Gentil Pierre-Alain · Ständerat · 2002-09-24
Gentil Pierre-Alain · Ständerat · Jura · Sozialdemokratische Fraktion · 2002-09-24
Wortprotokoll
Contrairement à M. Pfisterer, je ne peux pas dire: "J'y étais et voilà ce que j'ai entendu." Par contre, je peux dire: "J'ai reçu du courrier et je l'ai lu." Et je pense qu'il n'y a pas vraiment un grand intérêt à entamer une discussion historique pour savoir si les souvenirs de M. Pfisterer sont plus précis que ceux de ses collègues. Je ne mets pas du tout en doute sa mémoire, mais je l'invite à considérer que l'actuelle Conférence suisse des directeurs des travaux publics, de l'aménagement du territoire et de la protection de l'environnement a des souvenirs un peu différents des siens. Par ailleurs, l'ensemble des milieux concernés par ces questions de transport - qui vont des communes aux associations d'usagers des routes - considèrent que ces quatre motions méritent d'être transmises.
Je crois que M. Pfisterer a bien cerné le problème. Toute la question est de savoir comment on définit une phase transitoire. L'avis de la minorité est le suivant. Lors des négociations de la "table ronde", les cantons ont accepté un moratoire.
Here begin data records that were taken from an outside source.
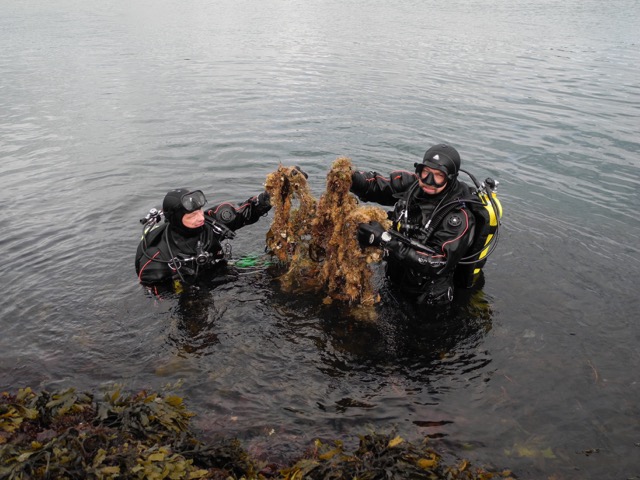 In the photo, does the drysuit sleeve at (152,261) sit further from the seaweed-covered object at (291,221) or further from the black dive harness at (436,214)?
the black dive harness at (436,214)

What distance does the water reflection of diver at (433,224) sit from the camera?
613 cm

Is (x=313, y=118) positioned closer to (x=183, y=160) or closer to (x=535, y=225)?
(x=183, y=160)

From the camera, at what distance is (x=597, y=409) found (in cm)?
557

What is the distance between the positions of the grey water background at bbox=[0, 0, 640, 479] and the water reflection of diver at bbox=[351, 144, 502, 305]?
1.79 ft

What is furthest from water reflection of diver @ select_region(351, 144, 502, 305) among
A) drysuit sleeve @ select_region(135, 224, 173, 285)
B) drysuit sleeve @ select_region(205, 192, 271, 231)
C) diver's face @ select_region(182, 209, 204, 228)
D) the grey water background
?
drysuit sleeve @ select_region(135, 224, 173, 285)

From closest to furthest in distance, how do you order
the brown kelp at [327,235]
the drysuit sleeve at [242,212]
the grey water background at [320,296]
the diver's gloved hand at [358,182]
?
the grey water background at [320,296] < the brown kelp at [327,235] < the diver's gloved hand at [358,182] < the drysuit sleeve at [242,212]

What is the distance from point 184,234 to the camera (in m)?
6.86

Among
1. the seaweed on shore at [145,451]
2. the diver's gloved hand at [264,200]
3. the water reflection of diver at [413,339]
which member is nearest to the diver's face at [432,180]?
the water reflection of diver at [413,339]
De l'avis de ces cantons, ce moratoire était lié aux difficultés financières que traitait cette "table ronde", et valait jusqu'en 2002 - c'est en tout cas ce qu'ils écrivent dans leur documentation. Nous sommes à la fin 2002 et logiquement les cantons, les villes et les milieux proches de cette problématique demandent maintenant qu'on annule ce moratoire et qu'on en revienne à la situation de droit qui prévaut. Or, la situation de droit qui prévaut est qu'il y a une ordonnance sur la séparation des courants de trafic; il s'agit d'une base selon laquelle la Confédération doit subventionner ce genre de travaux.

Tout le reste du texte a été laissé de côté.